Deep graph results in stack overflow: non-recursive serialization options?
Asked Answered
D

4

6

We're getting StackOverflowErrors from Java's serialization library. The problem is that the default serialization implementation is recursive, the depth of which is bounded only by the longest path through a network of references.

We realize we could override the default methods but we have hundreds of richly-connected classes in our project so we're not enthusiastic about the override approach. We're more interested if there is a generalized solution that is non-recursive (or at least moves the recursion from the stack to the heap).

I googled this topic and found only lots of people bitterly complaining about the same thing but most of these complaints were from many years ago. Has the situation improved? If not and we write a generalized implementation, do you have any advice? We're presuming there is some reason (not yet obvious to us) why no one has cracked this nut. In theory, doing it 'right' sounds like it should be feasible.

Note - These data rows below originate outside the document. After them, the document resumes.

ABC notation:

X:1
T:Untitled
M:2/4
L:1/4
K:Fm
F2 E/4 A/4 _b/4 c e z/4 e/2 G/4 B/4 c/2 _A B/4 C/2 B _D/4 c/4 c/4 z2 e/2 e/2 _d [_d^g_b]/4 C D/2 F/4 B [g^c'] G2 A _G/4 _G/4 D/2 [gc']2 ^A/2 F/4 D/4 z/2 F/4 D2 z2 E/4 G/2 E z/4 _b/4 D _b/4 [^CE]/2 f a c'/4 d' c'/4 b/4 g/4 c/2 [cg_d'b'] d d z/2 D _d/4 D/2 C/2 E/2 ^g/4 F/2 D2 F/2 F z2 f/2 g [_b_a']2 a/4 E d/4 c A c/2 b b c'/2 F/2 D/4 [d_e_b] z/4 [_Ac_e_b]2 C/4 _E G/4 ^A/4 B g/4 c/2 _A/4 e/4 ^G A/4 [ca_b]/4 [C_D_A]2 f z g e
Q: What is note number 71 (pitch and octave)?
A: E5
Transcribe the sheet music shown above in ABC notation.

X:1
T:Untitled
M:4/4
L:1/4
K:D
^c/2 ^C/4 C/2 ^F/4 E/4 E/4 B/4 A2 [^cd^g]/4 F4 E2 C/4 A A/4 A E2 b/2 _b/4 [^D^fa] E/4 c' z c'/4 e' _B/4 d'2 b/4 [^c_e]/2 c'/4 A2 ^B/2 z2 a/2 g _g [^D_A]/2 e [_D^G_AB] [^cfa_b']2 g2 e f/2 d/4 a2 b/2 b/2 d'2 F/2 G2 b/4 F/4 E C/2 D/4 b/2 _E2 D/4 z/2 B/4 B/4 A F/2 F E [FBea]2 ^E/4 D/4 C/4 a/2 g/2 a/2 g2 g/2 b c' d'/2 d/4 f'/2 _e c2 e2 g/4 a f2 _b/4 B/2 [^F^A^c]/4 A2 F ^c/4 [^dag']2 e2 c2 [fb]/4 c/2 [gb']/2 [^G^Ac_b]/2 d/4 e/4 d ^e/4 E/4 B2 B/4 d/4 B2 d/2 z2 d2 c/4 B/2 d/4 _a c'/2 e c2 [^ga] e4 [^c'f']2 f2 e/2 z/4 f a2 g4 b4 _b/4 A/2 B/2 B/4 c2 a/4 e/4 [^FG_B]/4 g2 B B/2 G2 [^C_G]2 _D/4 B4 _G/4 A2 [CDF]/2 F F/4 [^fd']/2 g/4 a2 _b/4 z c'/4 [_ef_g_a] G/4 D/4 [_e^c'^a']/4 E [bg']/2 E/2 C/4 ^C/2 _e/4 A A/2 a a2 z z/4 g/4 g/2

Davao answered 16/9, 2011 at 1:42 Comment(5)
I wonder what the serializer will do with circular references? My guess is infinite loop leading to stack overflow.Wirer
It sounds like you have lots and lots of tightly coupled code. Bad juju.Dimmick
Is this really a problem with a path that is "too long" (but of a fixed length) or does it occur because a path is never terminating? The stack can contain quit a number of frames so I suspect it is the latter. If it is the latter, a serializer that knows how to handle cycles must be used (either by pruning or by adding "links" in the serialized data).Hannahhannan
Also, the stack size can be increased (again, only useful if the object graph actually terminates): See How to increase Java stack size? (On a another note, using the standard serializer? That should support cycles ...)Hannahhannan
Java's default serializer supports circular references. Indeed, we successfully serialize moderate-size objects that have circular references. But after a certain size, we do blow out the stack.Davao
P
2

I had this problem a while back. For richly connected classes, even if you are able to complete the serialization without a stack overflow, the serialization is dog slow. When we solved this problem, we had a handful of classes, so we just created our own serialization format that packed the data into a set of integer object ids, with integer fields ids for each field and described their connections through a series of object id, field id, other object id mappings. This custom approach was very fast and extremely light on memory, but really only works if you have a small set of classes you want to serialize.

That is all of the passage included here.